Americans are used to consume and are reluctant to save. The US household saving rate has remained around zero or even negative for years. However, US investors received unprecedented returns and risks were hidden by the cycle of “financing → purchasing financial assets (assets accretion) → more financing → purchasing new financial assets (assets accretion again)”. Since 1990, the wealth accumulation of rising US stock prices and house prices has created a “wealth effect” which boosted US consumption and economic growth. Besides, the US has the privilege to distribute US banknotes to the rest of world without restraint. In the past 10 years, with China’s integration into globalization, China has not only become a production base for the US manufacturing sector, but has become a de facto US bank. The US uses dollars to purchase cheap goods from China, and then China exchanges these US dollars with US Treasury bills. This process forms an excellent bilateral circulation of commodities and currencies.

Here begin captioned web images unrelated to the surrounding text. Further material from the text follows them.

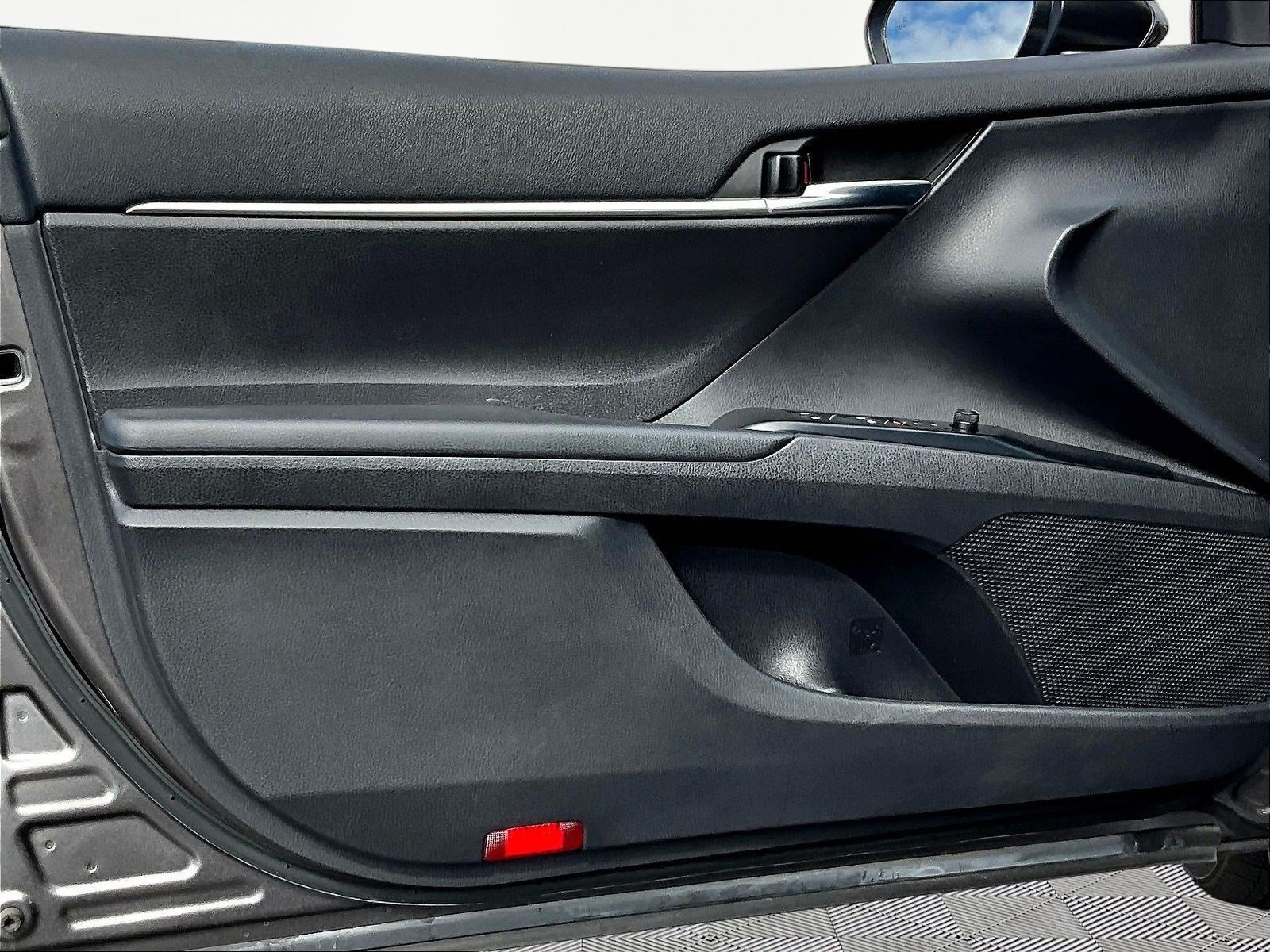 Used 2020 Toyota Camry SE w/ Sunroof Package FWD image 19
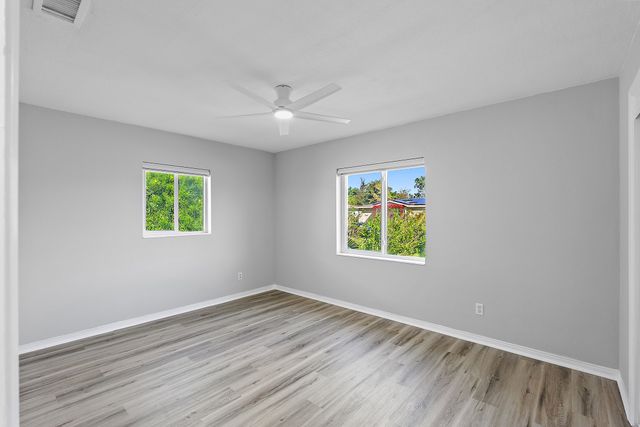 Listing Photos - 4300 16th Ave N, St. Petersburg, FL 33713, USA10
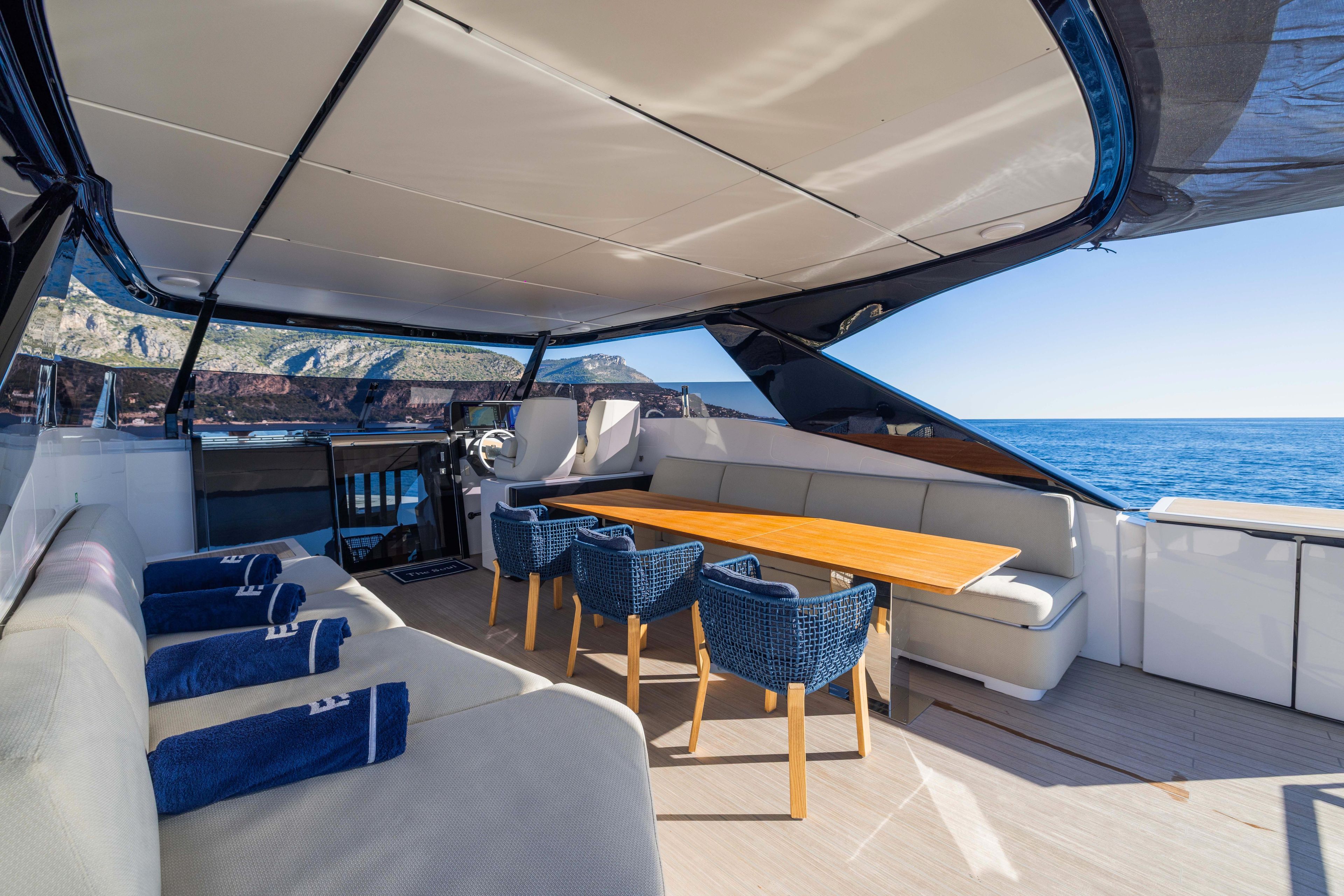 2025 Ferretti Yachts 77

ⅱ US huge external debt strangely disappeared
The circulation of goods and currencies between China and the United States is well operated through the US developed financial system. A large amount of China’s savings is transferred to United States through China’s investment on US T-bills, part of which is used to support US to successively purchase products from China; and part of which flows back to China in the form of FDI and hot money. By this means, the United States not only suppresses domestic inflation but obtains high returns on investments in China. The United States is a country of borrowing to live that experiences fiscal deficits and current account deficits almost every year and keeps running the “double deficits” policy. In recent years, the United States has large current account deficits with a rising trend. In theory, the total amount of US gross external debt should increase gradually. However, it has de facto unusually remained stable at between 2.2 and 2.4 trillion US dollar. In the past four years, the annual increase in the amount of US current account deficits was about 400 to 600 billion. Since 2005, this number has increased to more than 700 billion and in 2008 after the financial crisis it has surpassed 1 trillion US dollars. However, the total amount of US external debt declined instead of increase. In other words, the huge US external debt strangely disappeared.
ⅲ Three channels to make the US external debt disappeared strangely
The first channel is the dollar depreciation. As a result of the unfettered printing of the dollar by the Fed, the dollar comes to state of long-term depreciation, which is de facto debt repudiation. The second channel is the accretion of the US assets through high returns from the US foreign investments. For example, the United States borrows dollars from China through issuing treasure bills at little cost, and then invests the dollar in highly profitable sectors in China in the form of FDI, which rewards them more than 10% return. The third channel is the depreciation of the US external debt. When the dollar depreciates, the dollar assets held by foreign governments is about to shrink values. This is how the United States engages in capital operation on global basis, very “impressive” indeed!